** Problem statement **
For this exercise, copy the data exactly and omit any images.
BEGIN Input data
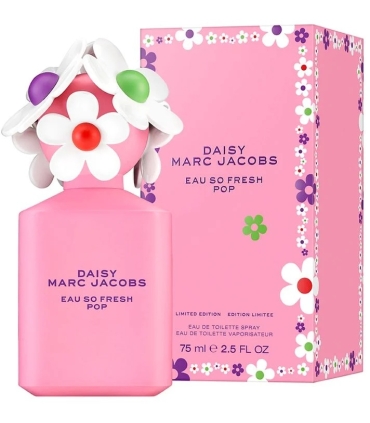 Marc Jacobs Daisy Eau So Fresh Pop EDT (75mL)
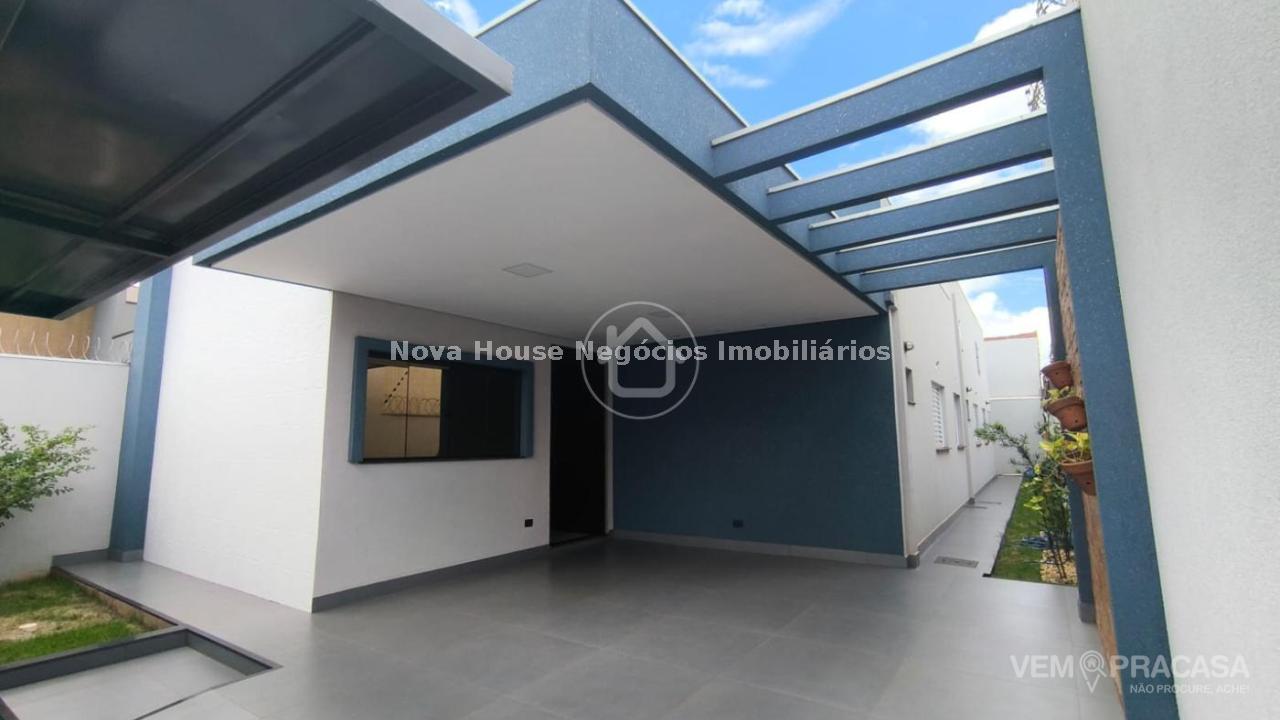 Casa Térrea à venda no Jardim das Nações, Campo Grande – foto 74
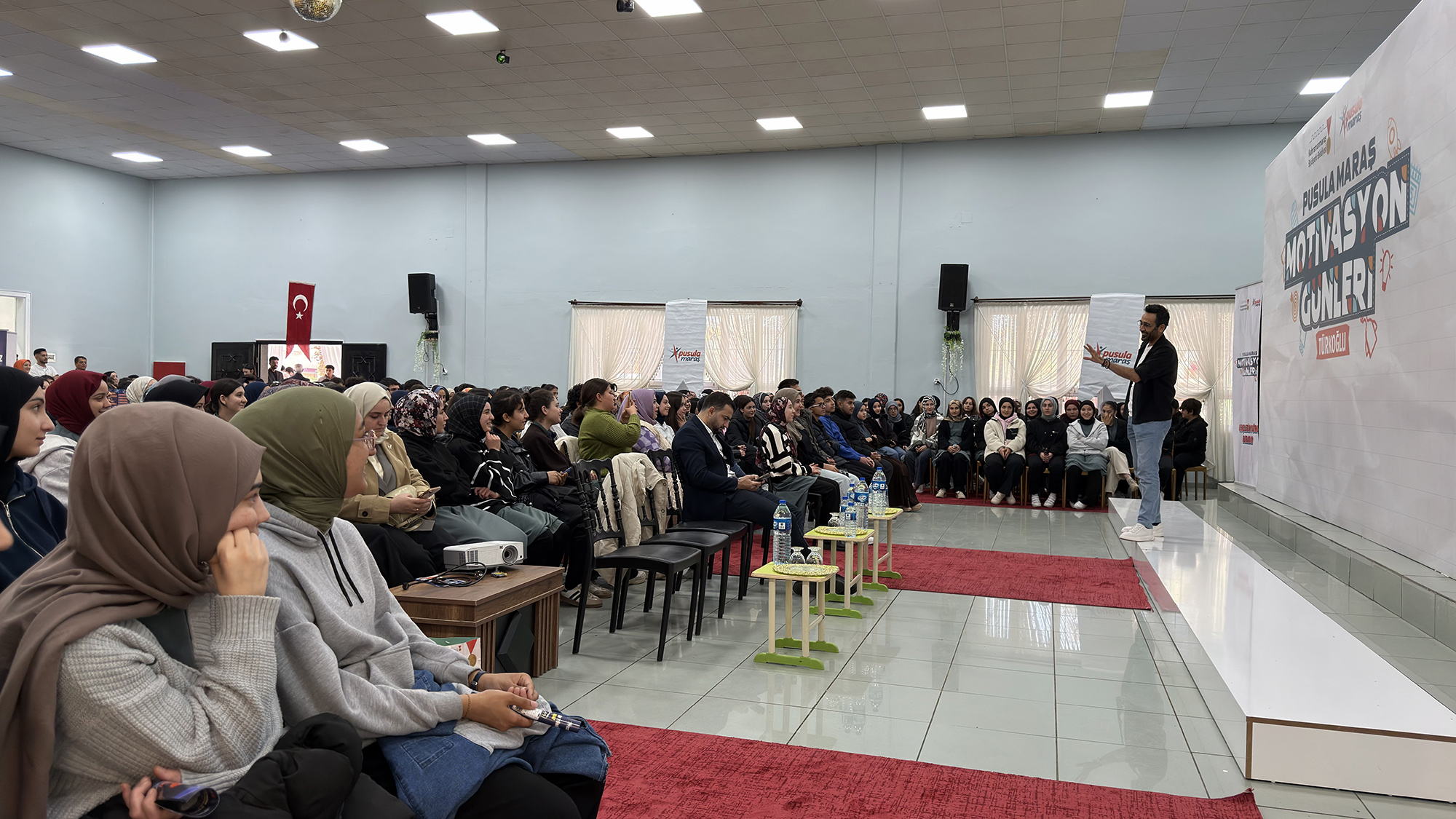 Motivasyon Günleri (6)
END Input data
** Exercise output **
 Marc Jacobs Daisy Eau So Fresh Pop EDT (75mL)
 Casa Térrea à venda no Jardim das Nações, Campo Grande – foto 74
 Motivasyon Günleri (6)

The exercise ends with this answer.